▸ **ASSIGNMENT**: Every entry below is to be copied word for word, with its pictures removed.

▸ **Crawled caption data**:
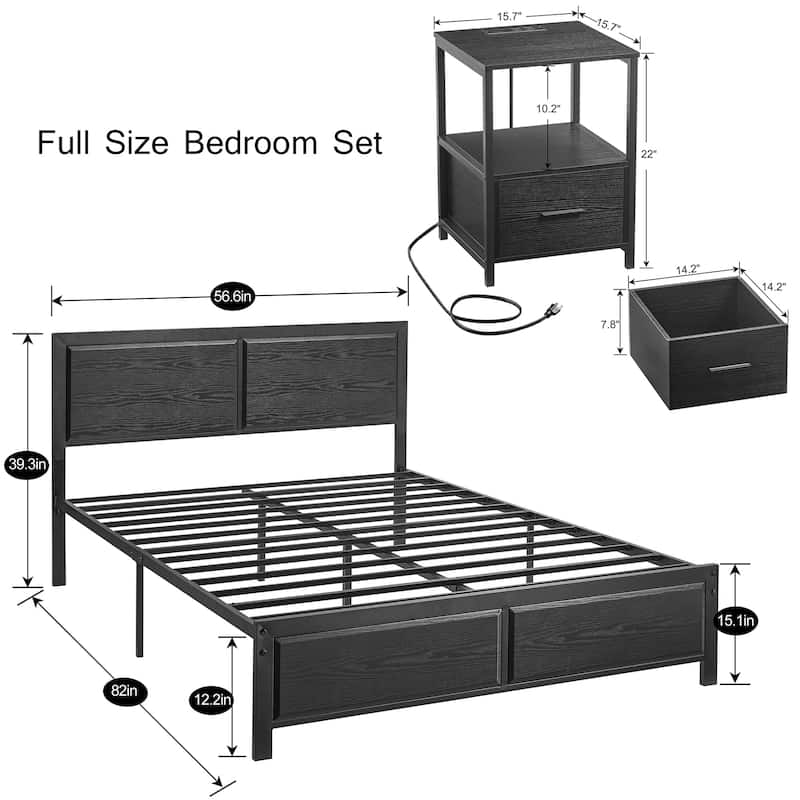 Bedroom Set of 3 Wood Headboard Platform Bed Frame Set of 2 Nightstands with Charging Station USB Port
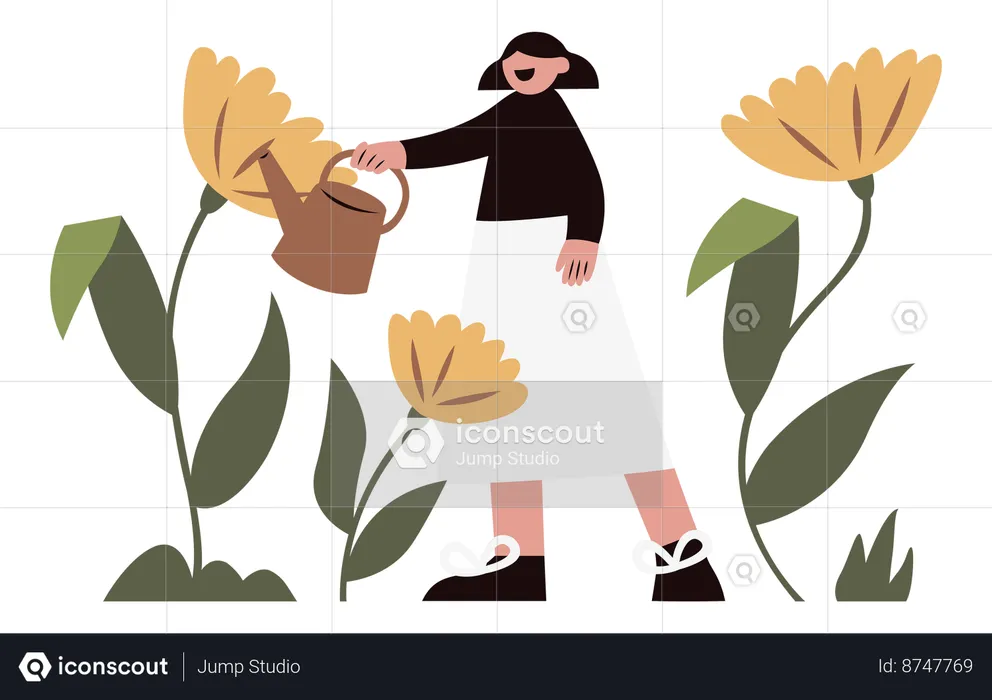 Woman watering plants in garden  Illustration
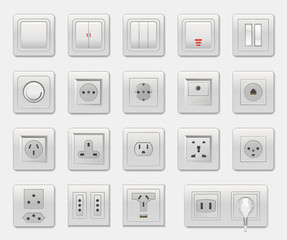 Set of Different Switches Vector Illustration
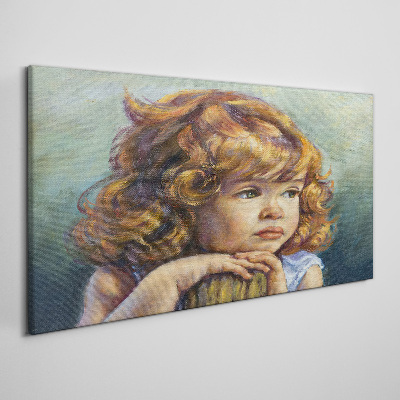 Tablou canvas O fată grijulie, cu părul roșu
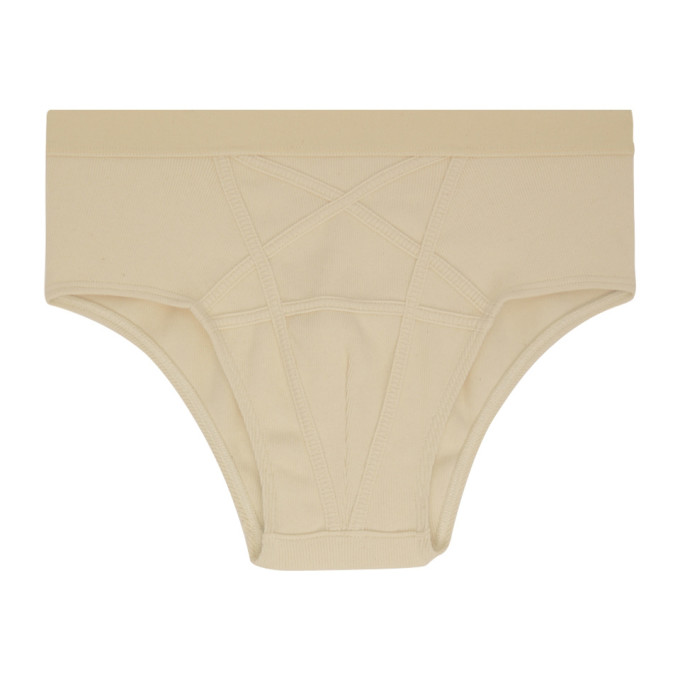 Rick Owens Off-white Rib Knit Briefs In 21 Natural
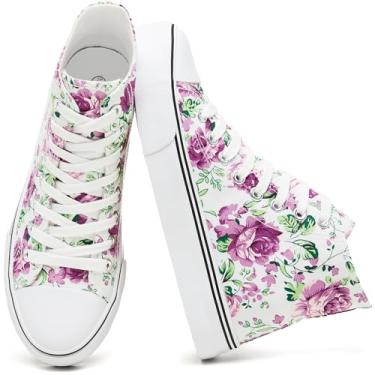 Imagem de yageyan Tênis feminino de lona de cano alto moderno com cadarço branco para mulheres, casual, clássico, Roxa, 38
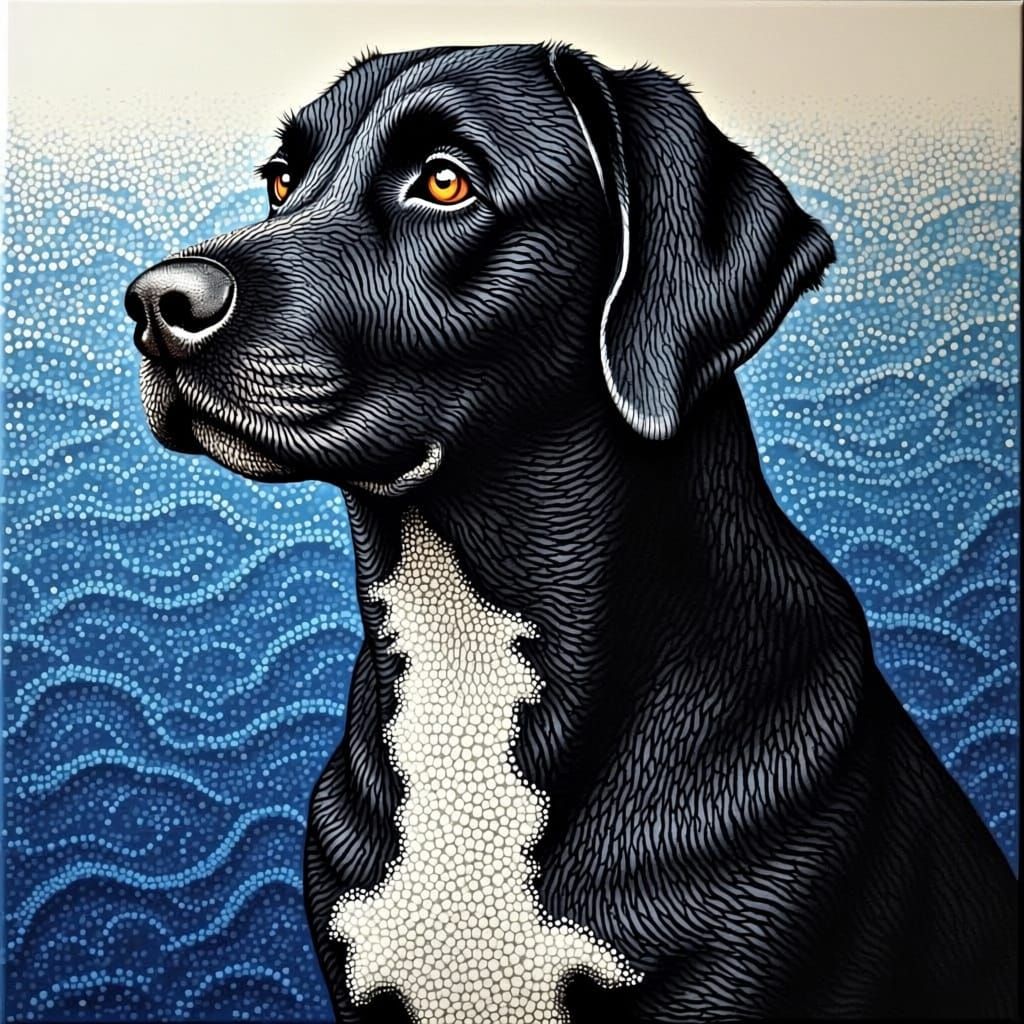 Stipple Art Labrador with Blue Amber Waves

▸ **SOLUTION BELOW**:
 Bedroom Set of 3 Wood Headboard Platform Bed Frame Set of 2 Nightstands with Charging Station USB Port
 Woman watering plants in garden  Illustration
 Set of Different Switches Vector Illustration
 Tablou canvas O fată grijulie, cu părul roșu
 Rick Owens Off-white Rib Knit Briefs In 21 Natural
 Imagem de yageyan Tênis feminino de lona de cano alto moderno com cadarço branco para mulheres, casual, clássico, Roxa, 38
 Stipple Art Labrador with Blue Amber Waves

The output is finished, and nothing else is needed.